Leave out the pictures, and retype the remaining data exactly.

** Opening Data section block **

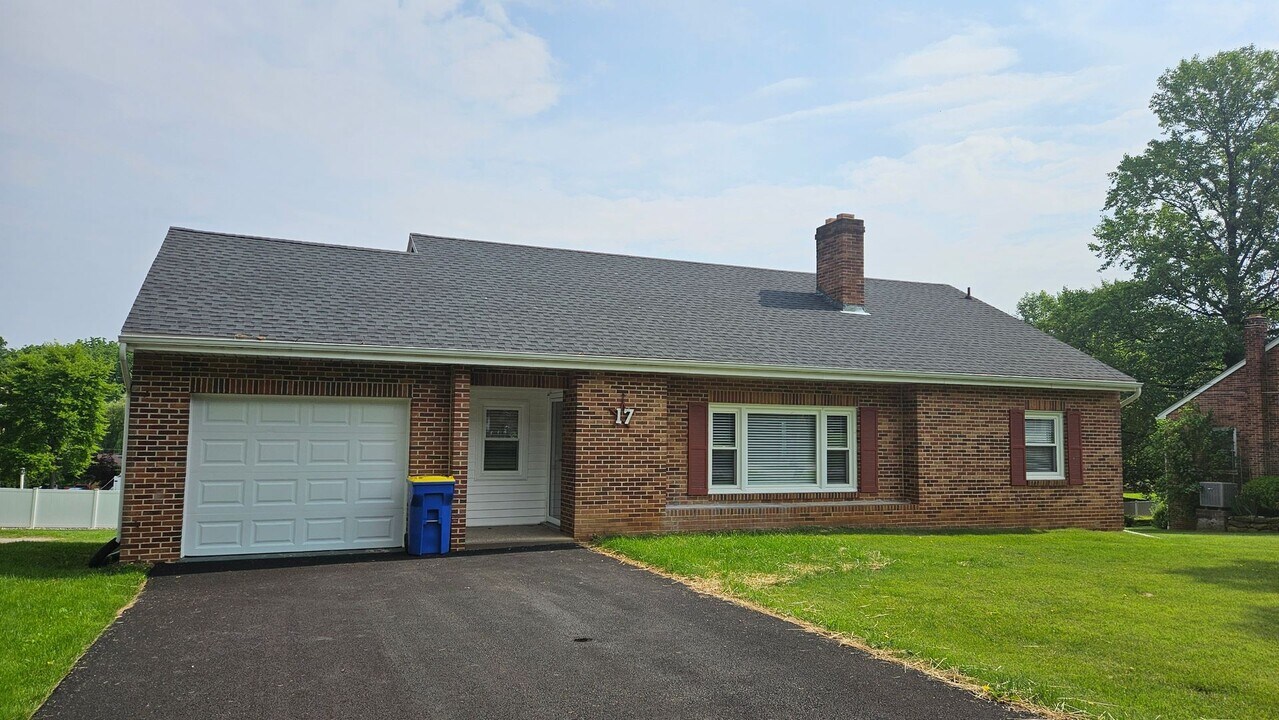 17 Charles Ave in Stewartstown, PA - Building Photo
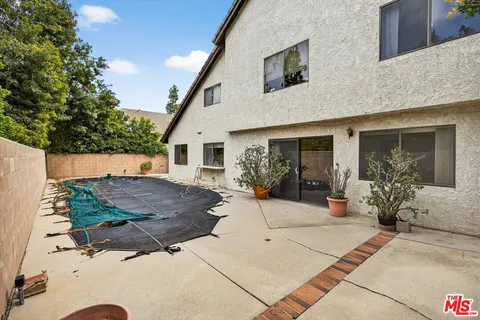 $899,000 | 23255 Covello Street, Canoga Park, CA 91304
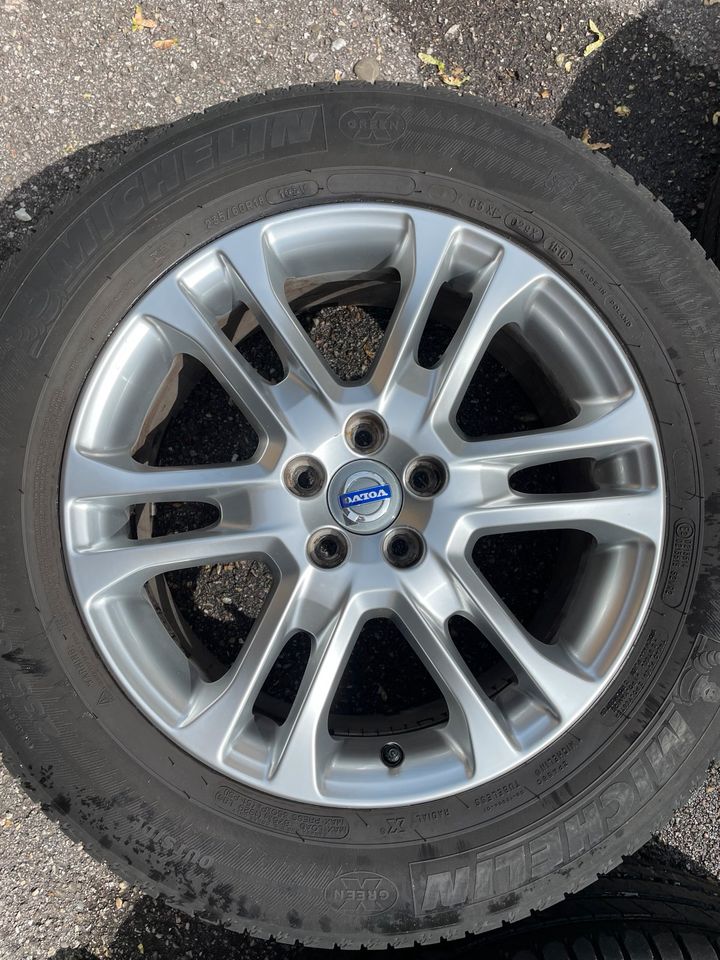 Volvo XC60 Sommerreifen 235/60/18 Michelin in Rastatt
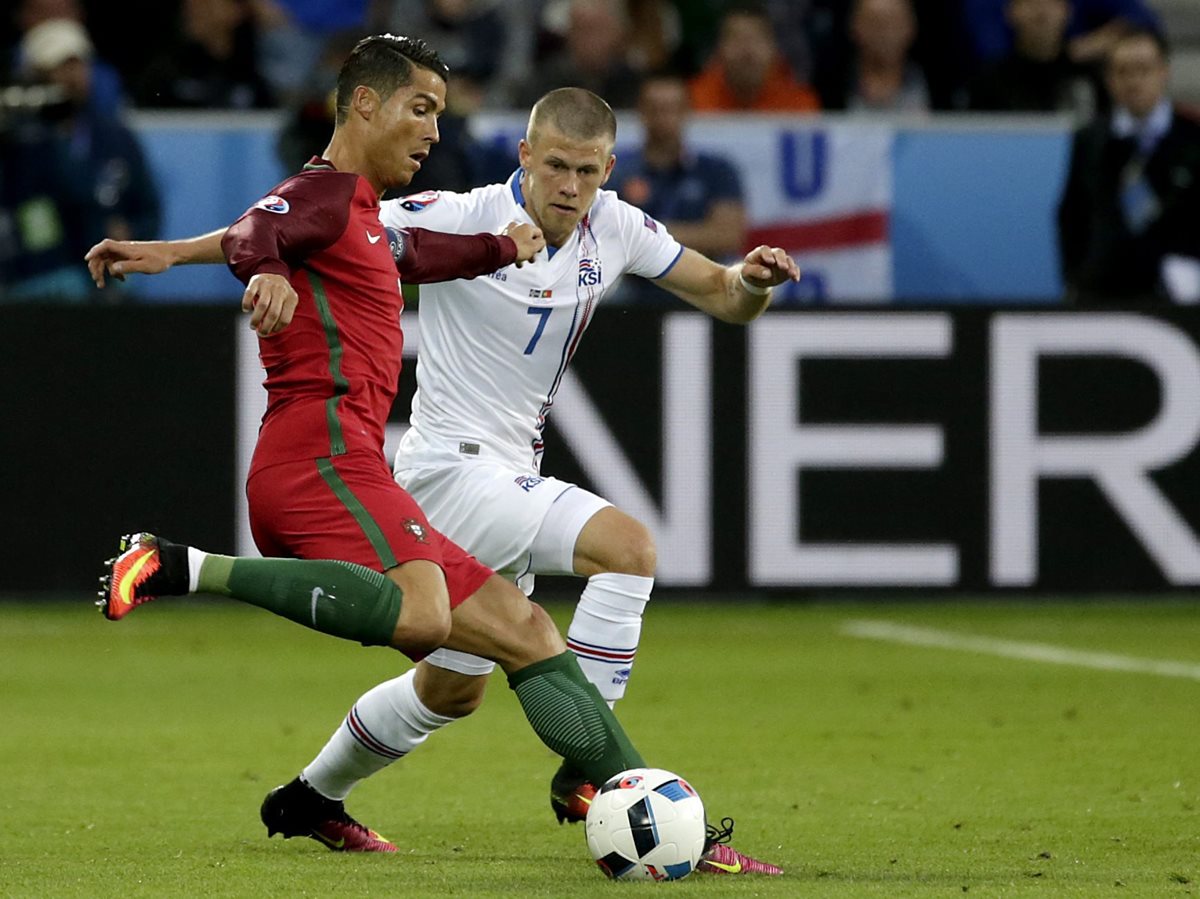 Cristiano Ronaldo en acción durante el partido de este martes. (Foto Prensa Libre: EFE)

** Closing Data section block **

* Response to this exercise
 17 Charles Ave in Stewartstown, PA - Building Photo
 $899,000 | 23255 Covello Street, Canoga Park, CA 91304
 Volvo XC60 Sommerreifen 235/60/18 Michelin in Rastatt
 Cristiano Ronaldo en acción durante el partido de este martes. (Foto Prensa Libre: EFE)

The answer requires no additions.